HRI-DGDM: Dual-Graph Guided Diffusion Model for Uncertain Human Motion Modeling in HRI
Hongquan Gui, Ming Li
AI summary
Problem
Deterministic models fail to capture the inherent uncertainty and multi-modal nature of human motion in human-robot interaction, while existing diffusion models prioritize diversity over accuracy and lack mechanisms to model complex human-robot spatial-temporal dependencies.
Approach
The authors propose HRI-DGDM, which integrates a structural graph for kinematic priors and a dynamically learned collaboration graph into a spatial-temporal denoising network, guided by a masking mechanism that anchors observed history during diffusion.
Key results
- Proposes HRI-DGDM, a dual-graph guided diffusion framework for HRI motion prediction
- Designs a spatial-temporal denoising network with multi-scale adaptive graph fusion
- Introduces a masking-based conditioning mechanism to anchor observed history and prevent drift
- Demonstrates superior prediction accuracy over deterministic and diffusion baselines in HRI scenarios
Why it matters
Provides a robust, uncertainty-aware prediction framework that enhances safety and proactive adaptation in human-centered robotic applications.
Abstract
Human motion in human-robot interaction (HRI) is inherently uncertain, even when performing the same task repeatedly.

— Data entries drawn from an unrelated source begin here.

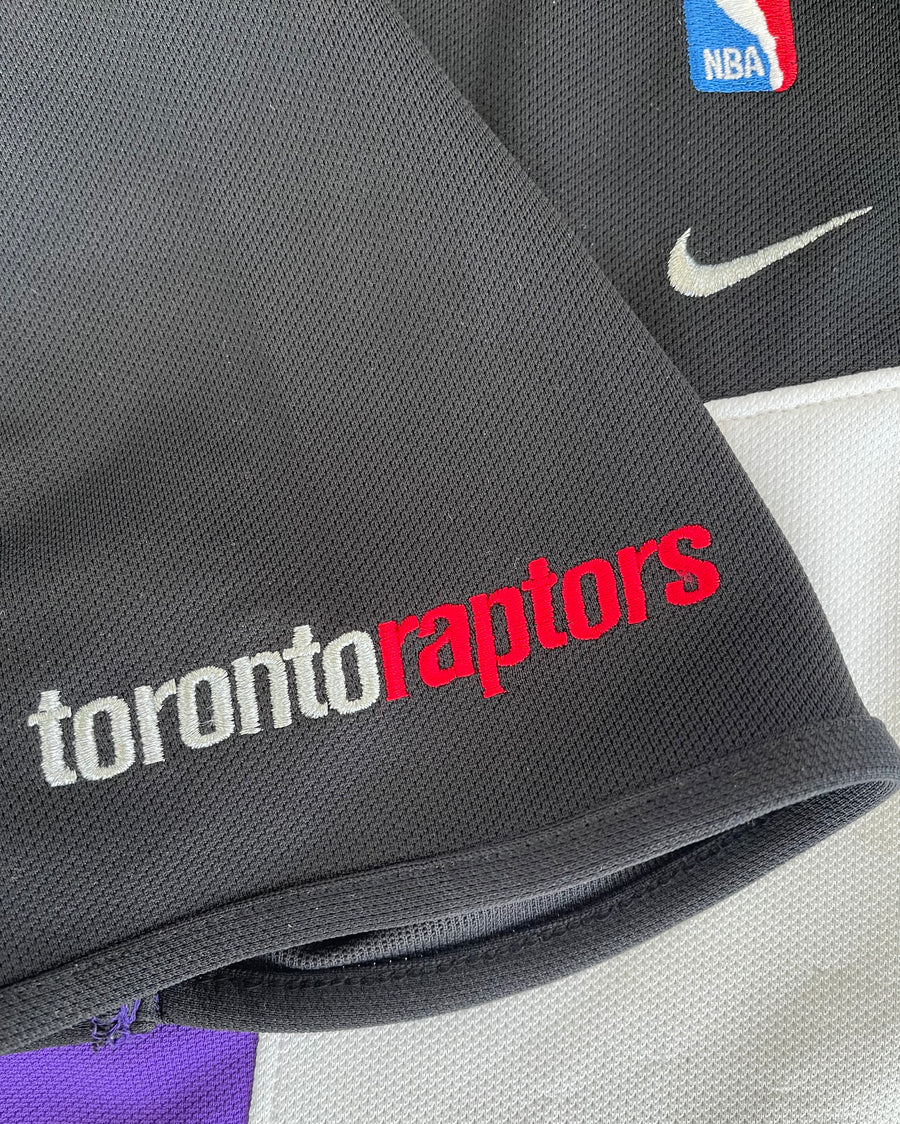 Vintage Nike Toronto Raptors Warm Up Jersey L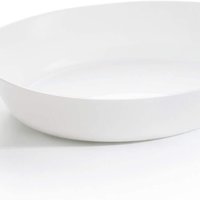 Travessa Oval de Vidro Smart Cuisine 20cm Arc Branca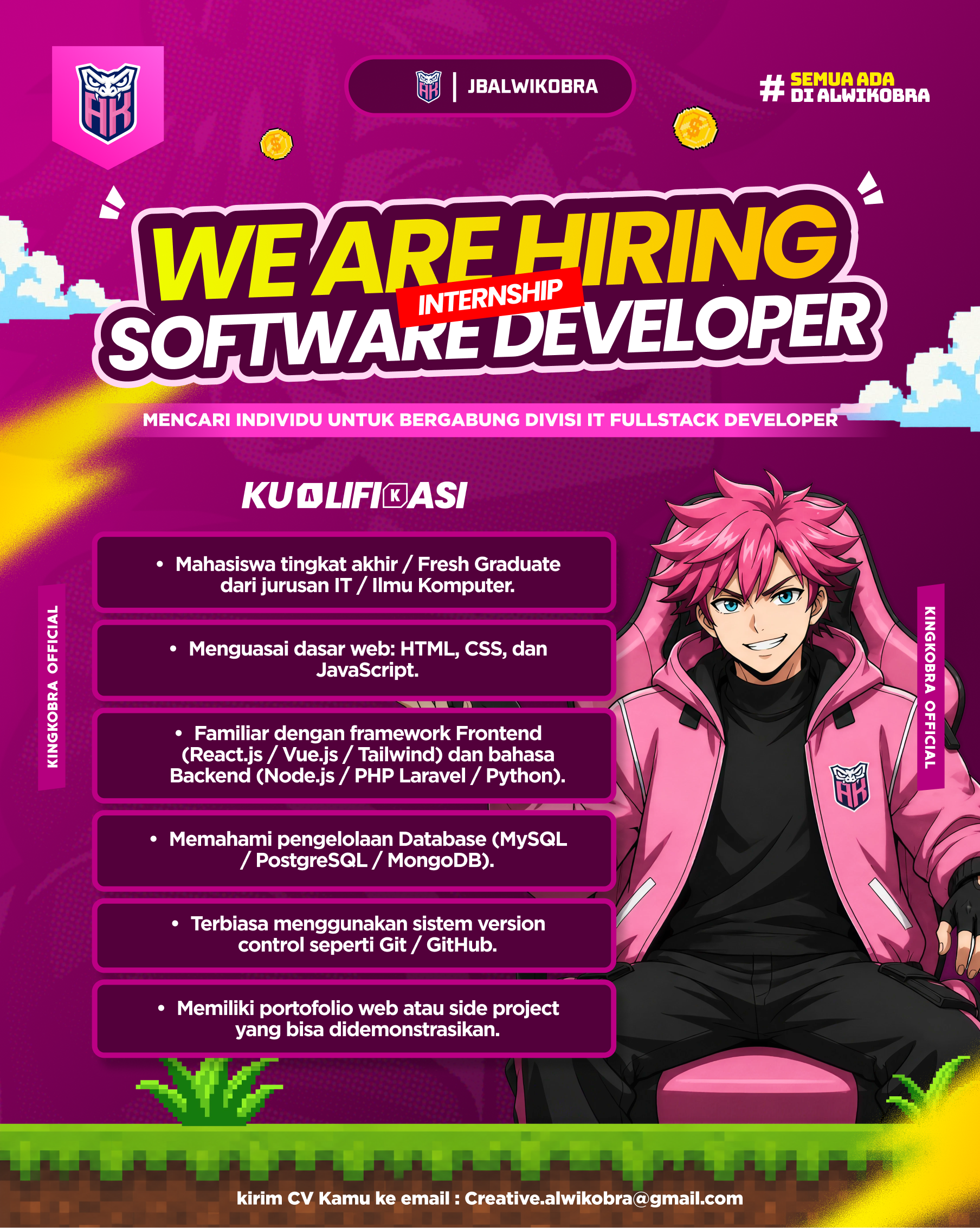 we are hiring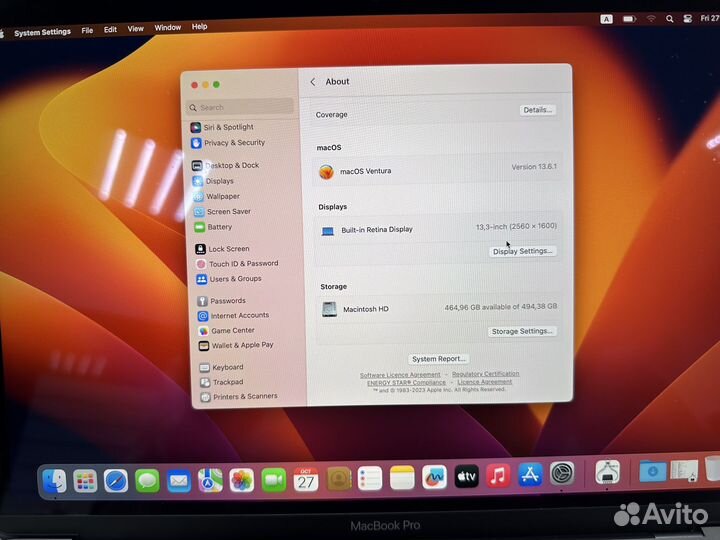 Apple MacBook Pro 13 M2 512Gb Space Gray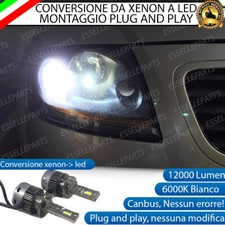 COPPIA LAMPADE D2S LED DA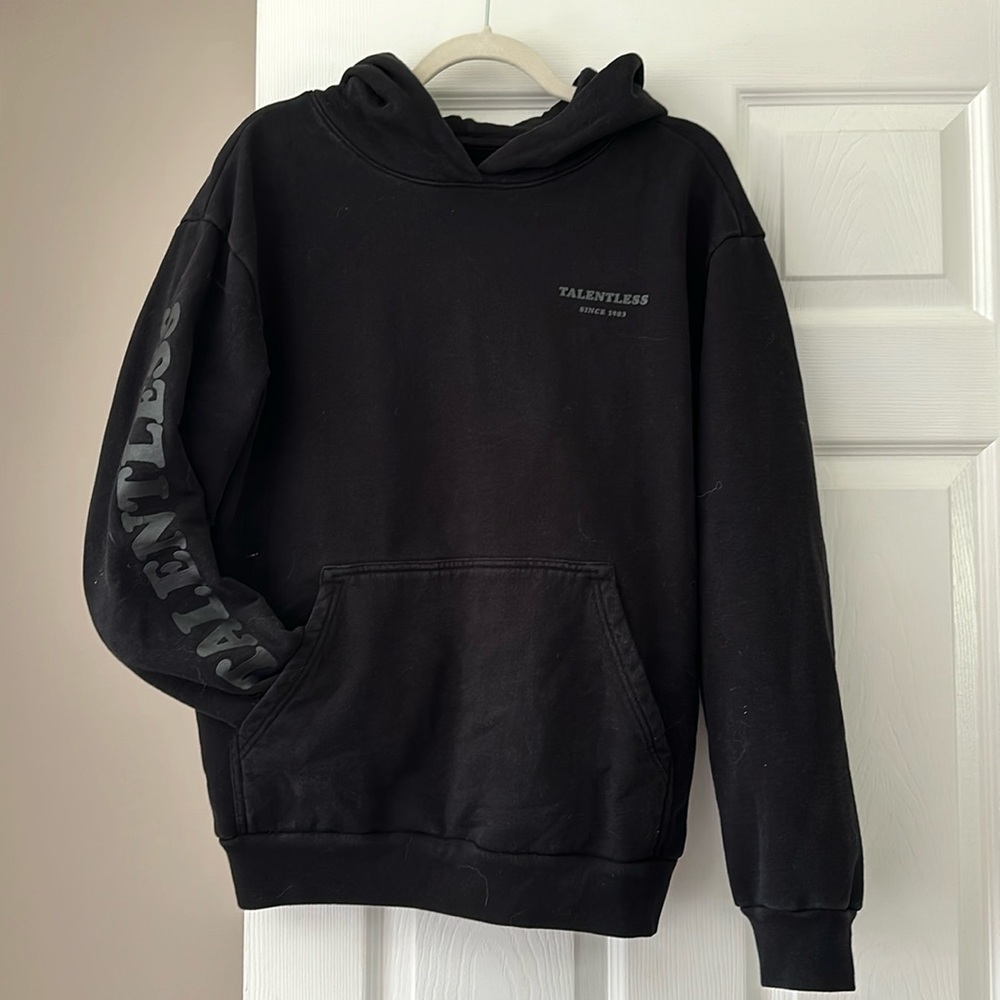 TALENTLESS heavyweight hoodie
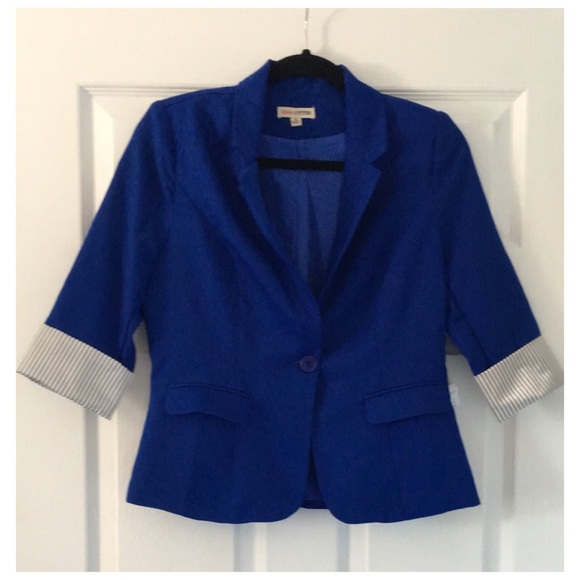 Jackets & Blazers - NWT, Blue Blazer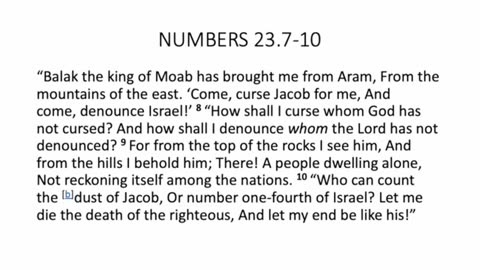 Israel today, is this the time of Jacob’s trouble?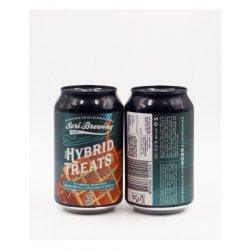 Sori Brewing HYBRID TREATS BELGIAN WAFFLE & MAPLE SYRUP & HAZELNUT 12 ABV can 330 ml - Cerveceo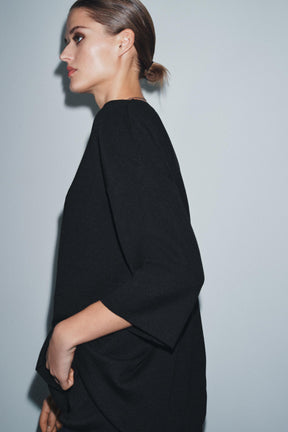 OVERSIZED KNIT TOP - Image 4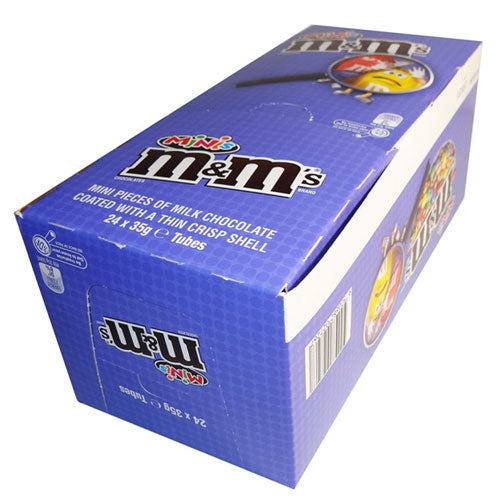 M&M Minis Tubes (24x35g)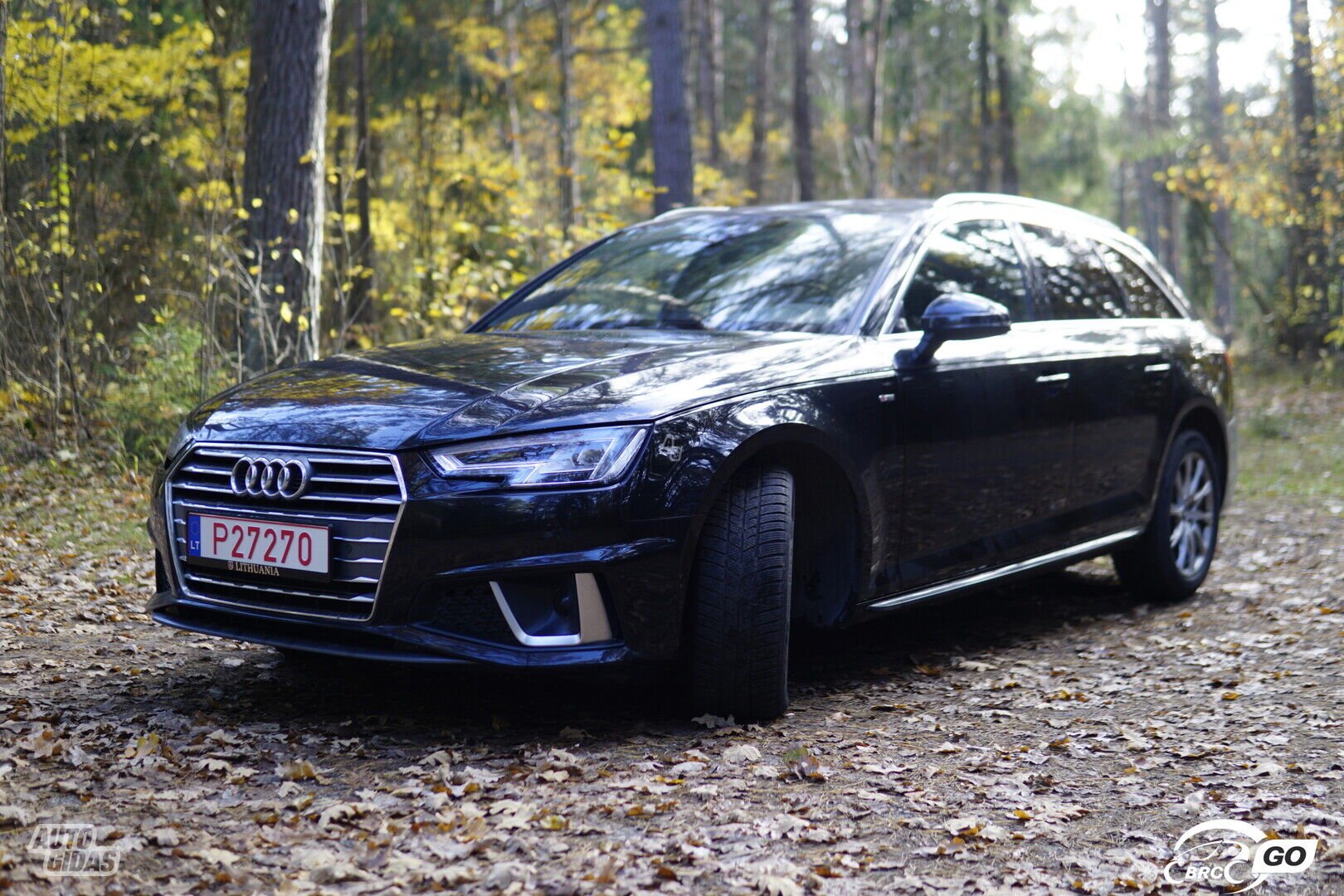 Audi A4 2019 m Universalas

This variability poses a significant challenge for prediction, as models must capture a distribution of plausible futures rather than a single deterministic trajectory. Traditional graph convolutional network based models, while effective at capturing spatial temporal dependencies, are fundamentally limited by their deterministic nature and struggle to represent this inherent motion uncertainty. To address this, diffusion models have emerged as a powerful framework for modeling uncertainty. However, their direct application to HRI is hindered by two key limitations: they often prioritize motion diversity over prediction accuracy, potentially generating physically implausible results, and they fail to adequately model the complex, multi-scale spatial temporal coupling between human and robot motions. To overcome these challenges, we propose HRI-DGDM, a HRI motion prediction framework based on a dual-graph guided diffusion model. Our method introduces a dual-graph structure—comprising a structural graph for kinematic priors and a collaboration graph learned from motion dynamics—to guide the denoising process with strong structural priors. A dedicated spatial temporal denoising network (STDN) fuses multi-scale features from both graphs through adaptive fusion and hierarchical spatial temporal modeling. Furthermore, a masking-based conditioning mechanism anchors the observed history during denoising, ensuring temporal consistency and preventing drift. Experiments on HRI scenarios demonstrate that HRI-DGDM outperforms baselines in prediction accuracy.